» **What this task involves**:
Leave out the pictures and repeat exactly the lines from the one containing "IA license plate AAJ138" through the end of the records.

(Web page caption snippets)

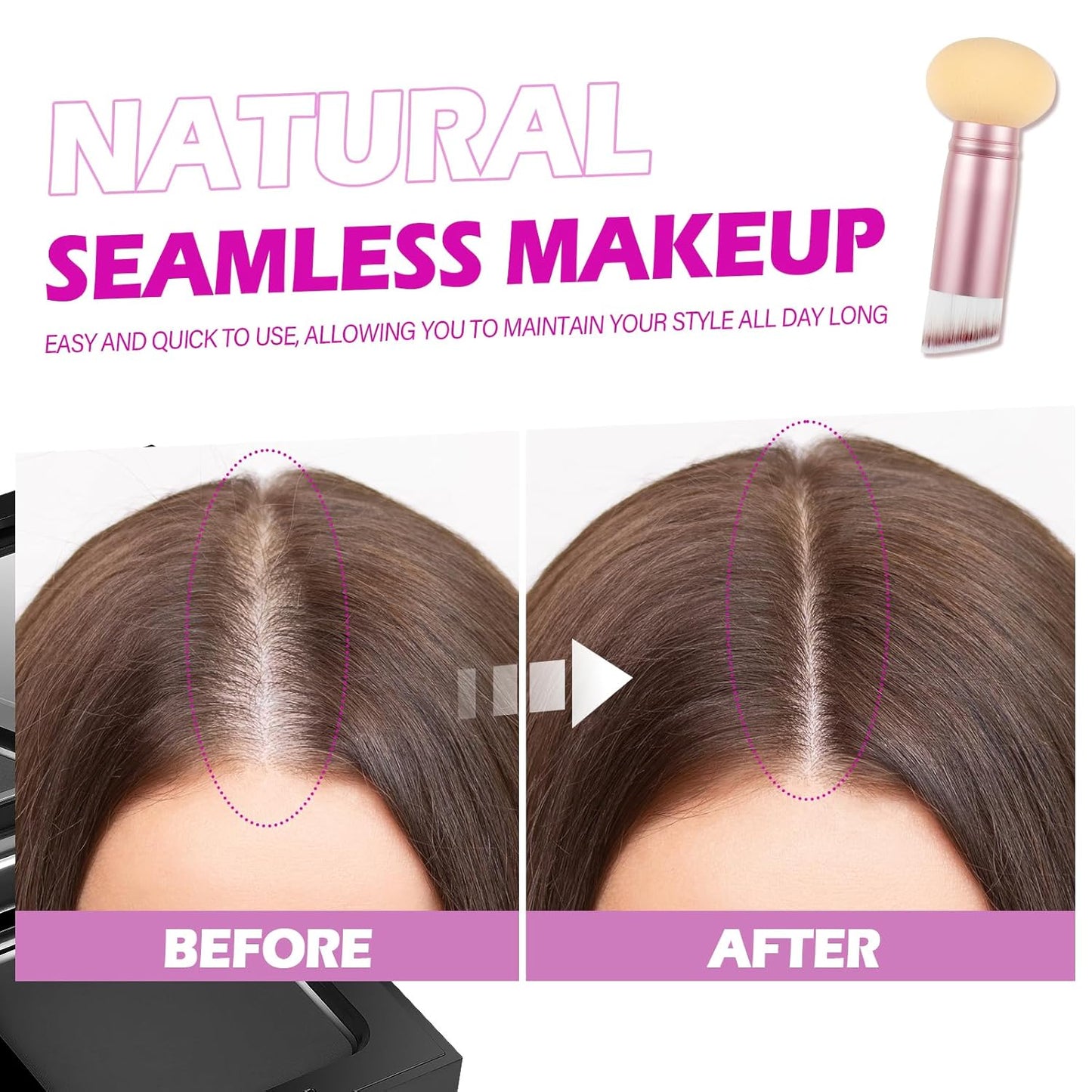 Acomler Root Touch Up Hair Color, Instant Root Cover Up, Black Hairline Powder, Gray Hair Cover Up Hair Fibers for Thinning, Hair Powder for Women Men Includes Makeup Brush (Black, 0.42oz)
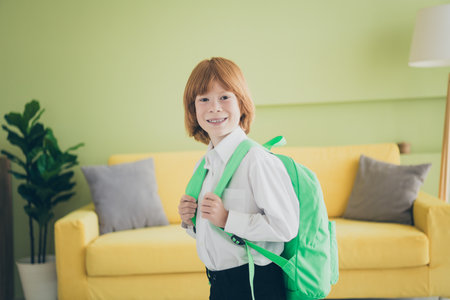 Portrait of cheerful charming adorable little boy schoolkid wearing uniform preparing 1st september...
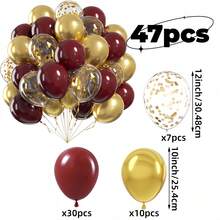 47pcs Wine Red & Gold Balloon Set, Includes Gold Metallic & Transparent Balloons, Rich & Luxurious Color Tones, Suitable For Weddings, Birthday Parties, Festivals, Proposals, And Photography Backdrops. Combines Glossy Finish And Transparent Luster For An Elegant, Romantic Ambiance And Ceremonial Atmosphere. - Burgundy - View 10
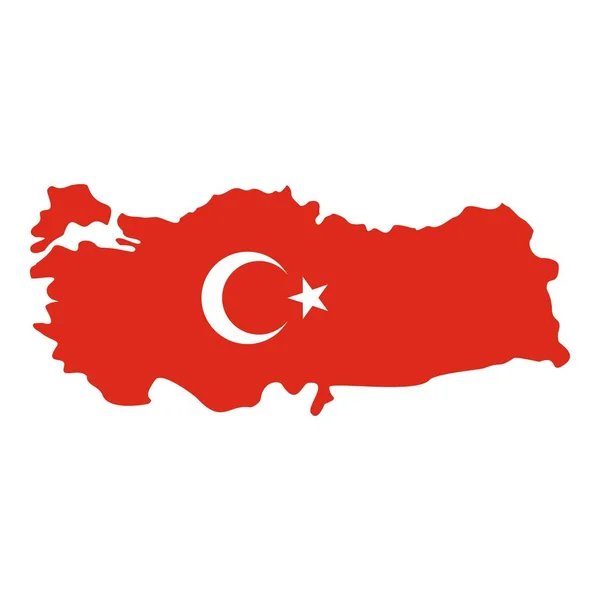 Turkey map in national flag colors icon isolated — Stock Vector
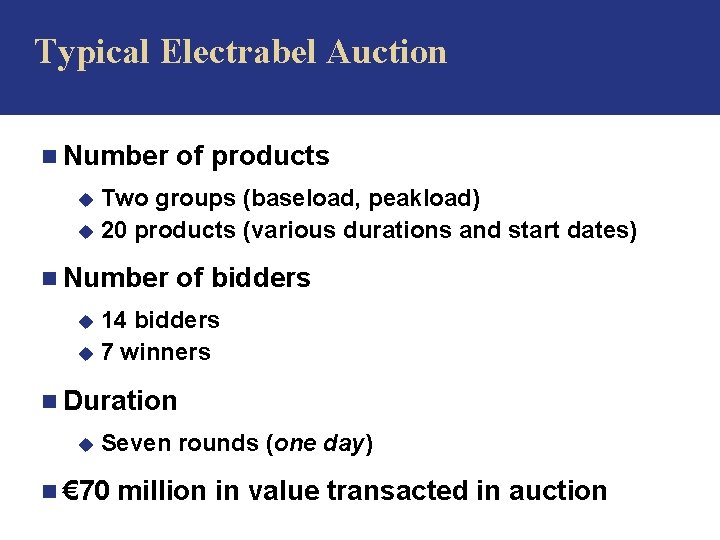 Typical Electrabel Auction n Number of products Two groups (baseload, peakload) u 20 products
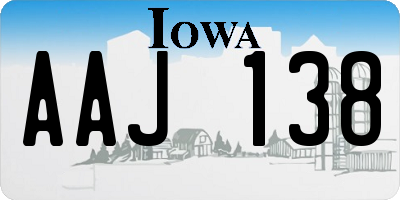 IA license plate AAJ138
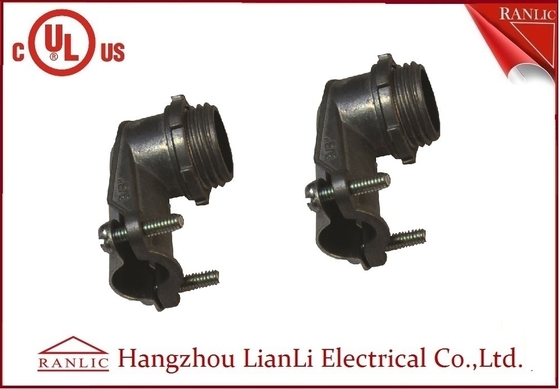 China Steel Flexible Conduit Fittings Squeeze 90 Degree BX Connector , UL File No. E469552 supplier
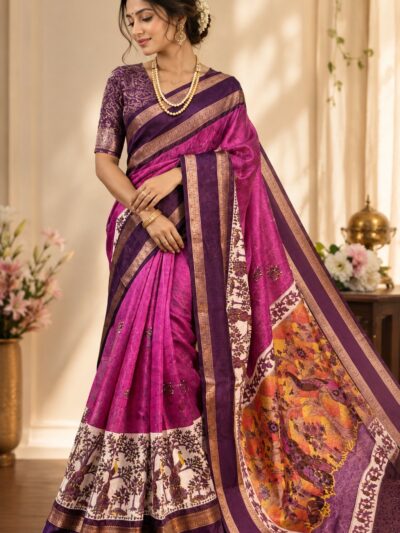 Woman wearing a rani pink Dola silk saree with a purple zari border and Kalamkari peacock printed pallu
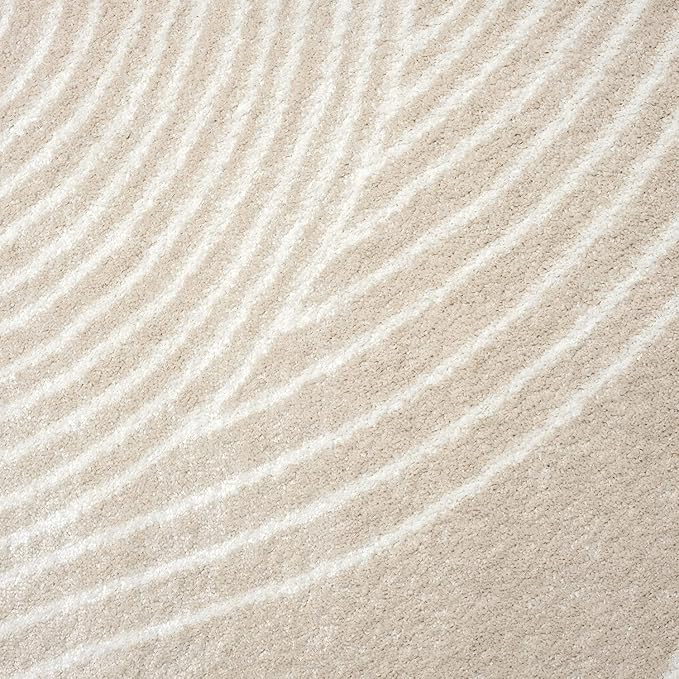 Abani Nuevo Collection Area Rug - Transitional Beige/Cream Design -7'9" x 10'2" - Easy to Clean - Durable for Kids & Pets - Non-Shedding - Medium Pile - Soft Feel - for Living Room, Bedroom & Office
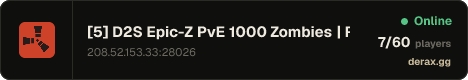№[5] D2S Epic-Z PvE 1000 Zombies | Raidable Bases Shop Kits C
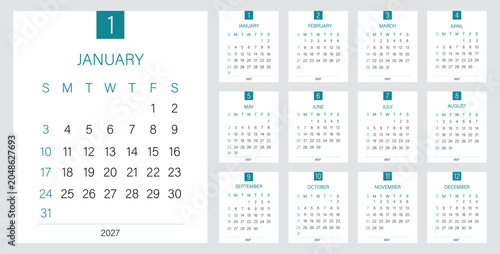 Tableau sur toile Elegant Minimal Calendar 2027 with Geometric Shape Month Numbers and Sunday Week
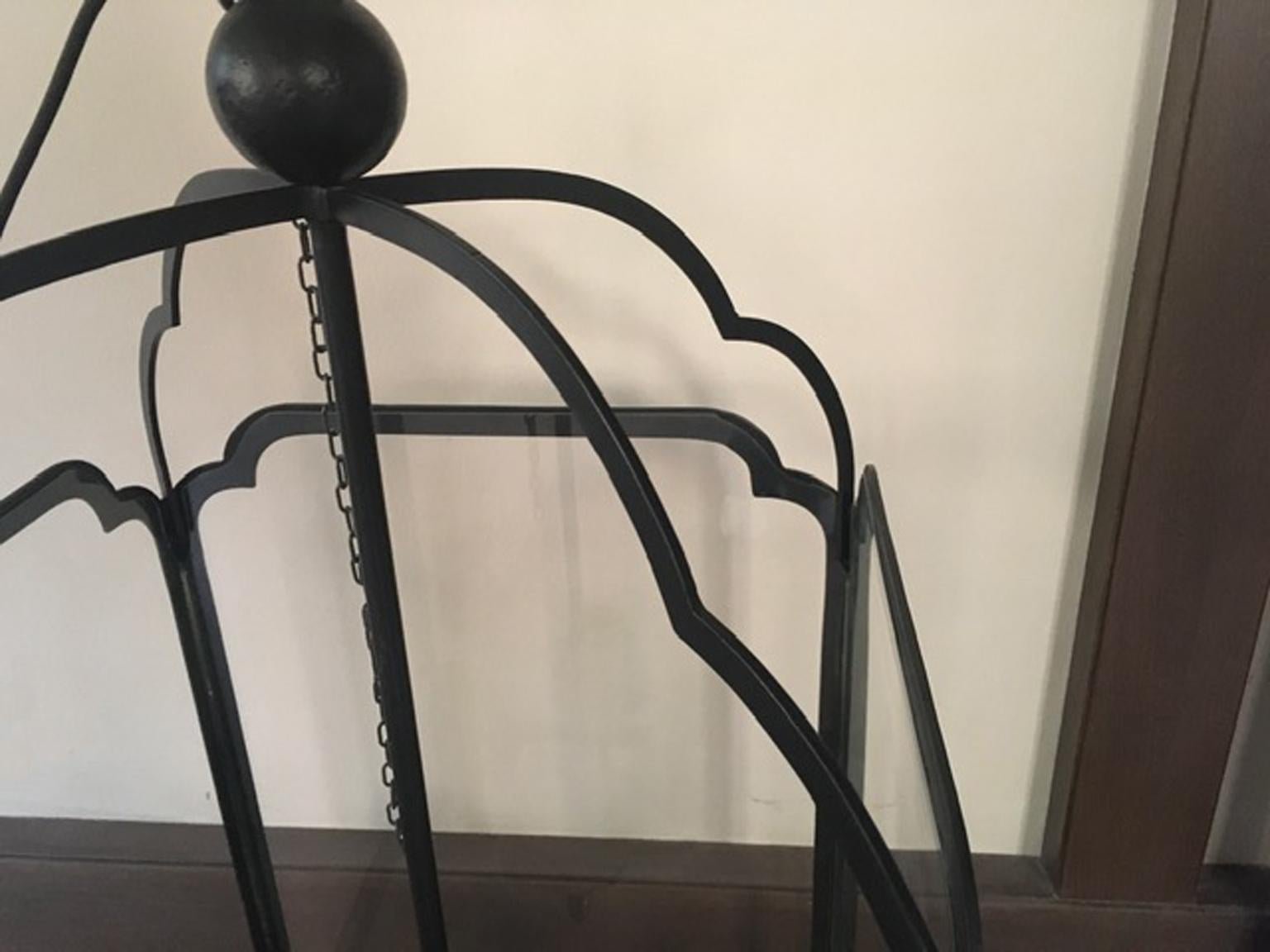 Contemporary Italy Wrought Iron Giant Lantern For Sale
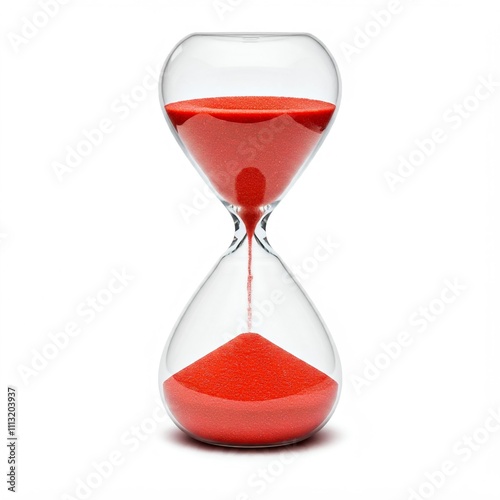 A red hourglass on a white background.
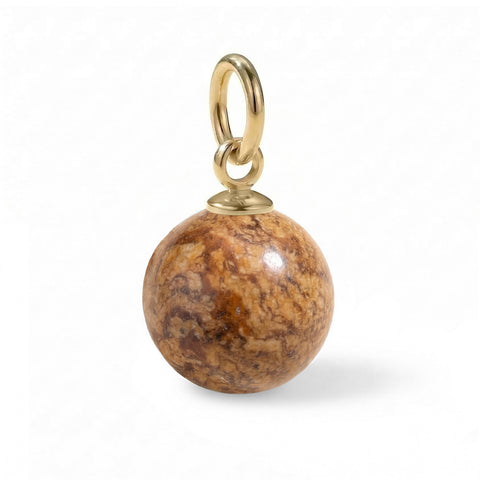 18 Karat Gold PVD Stainless Steel Round Picture Jasper Charm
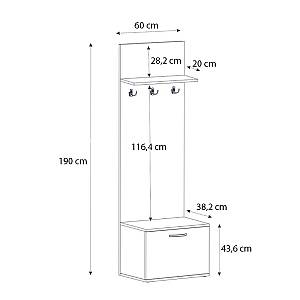 Έπιπλο εισόδου Track Megapap χρώμα sapphire oak 60x38,2x190εκ.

» **Result of this exercise**:
 IA license plate AAJ138
 China Steel Flexible Conduit Fittings Squeeze 90 Degree BX Connector , UL File No. E469552 supplier
 Woman wearing a rani pink Dola silk saree with a purple zari border and Kalamkari peacock printed pallu
 Abani Nuevo Collection Area Rug - Transitional Beige/Cream Design -7'9" x 10'2" - Easy to Clean - Durable for Kids & Pets - Non-Shedding - Medium Pile - Soft Feel - for Living Room, Bedroom & Office
№[5] D2S Epic-Z PvE 1000 Zombies | Raidable Bases Shop Kits C
 Tableau sur toile Elegant Minimal Calendar 2027 with Geometric Shape Month Numbers and Sunday Week
 Contemporary Italy Wrought Iron Giant Lantern For Sale
 A red hourglass on a white background.
 18 Karat Gold PVD Stainless Steel Round Picture Jasper Charm
 Έπιπλο εισόδου Track Megapap χρώμα sapphire oak 60x38,2x190εκ.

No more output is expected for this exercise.